In een tijd dat de ogen van de wereld gericht waren op Washington D.C., deed de Amerikaanse publieke omroep National Public Radio (NPR) verslag van de laatste dagen van luchthaven Berlijn Tegel. Dit was niet vanwege de grote waarde die het vliegveld in het mondiale netwerk heeft gespeeld – het heeft nooit de status van JFK of Heathrow gehad – maar omdat dit het einde betekende van een Koude Oorlog-icoon.
Berlijn Tegel was de westerse tegenhanger van het Oost-Berlijnse Schönefeld. De enige fysieke communicatielijn tussen de Westerse vrije wereld en het door de Soviet Unie ingesloten West-Berlijn. De vliegtuigen die daar landen, volgeladen met voedsel en consumptiegoederen, waren voor inwoners van de kapitalistische helft een teken dat hun westerse bondgenoten ze al die jaren niet uit het oog waren verloren. Zelfs nu er de laatste maanden weinig te doen is geweest op het vliegveld, komen er nog mensen om terug te denken aan dit baken van vrijheid. De verslaggevers van NPR zagen dan ook bij menig bezoeker de tranen in hun ogen.

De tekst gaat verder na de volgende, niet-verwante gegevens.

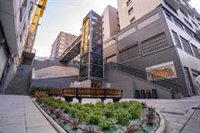 Bilbao pone en marcha un nuevo ascensor público en Santutxu, entre Fika e Iturribide, con casi un millón de inversión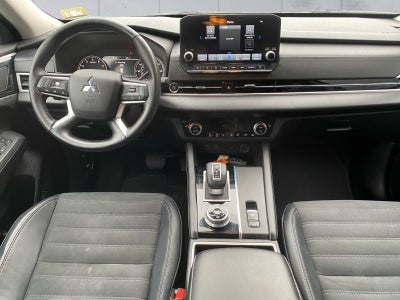 2022 Mitsubishi Outlander Base
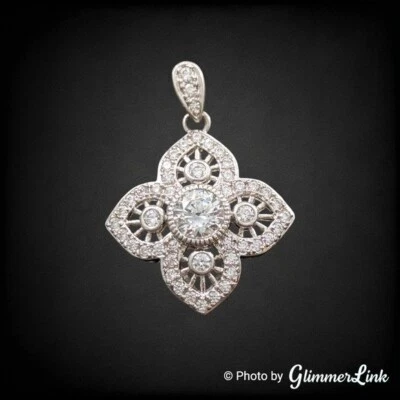 Ross Simons CZ Floral Quatrefoil 925 Sterling Silver Pendant - Imagem 1 de 4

Na negen jaar vertraging moest het er ook wel van komen: het chique Berlijn Tegel wordt opgeheven en vervangen door een opgewaardeerde versie van het ooit armoedige Berlijn Schönefeld. Vol trots plaatste het social media team van de nieuwe luchthaven Berlijn Brandenburg foto’s van de eerste binnenkomende vluchten. En welke luchtvaartmaatschappijen zijn er als eerste bij om hun plek te claimen op deze nieuwe luchthaven? Wizz Air, Ryanair en Pegasus. Inderdaad, alledrie Low-Cost Carriers (LCCs).
Een veranderende low-cost strategie
In de begindagen van de budget-airlines vermeden zij de primaire luchthavens (veelal gekoppeld aan een hoofdstad) als de pest. Ze waren te duur en te druk. Door vanaf regionale luchthavens te opereren konden ze te ticketprijs laag houden en de punctualiteit hoog. Zij lieten de hubs over aan de legacy carriers (de luchtvaartmaatschappijen die in de Koude Oorlog groot zijn geworden door de verschillende kapitalistische landen met elkaar te verbinden). Toch zien we al jaren dat LCCs zich steeds meer aan het invechten zijn op het vijandelijke grondgebied. De grote vliegvelden zijn vaak bekender bij het grote publiek en ze liggen veelal in dichtbevolkte gebieden. Het werd dus hoog tijd om daar een graantje van mee te pikken.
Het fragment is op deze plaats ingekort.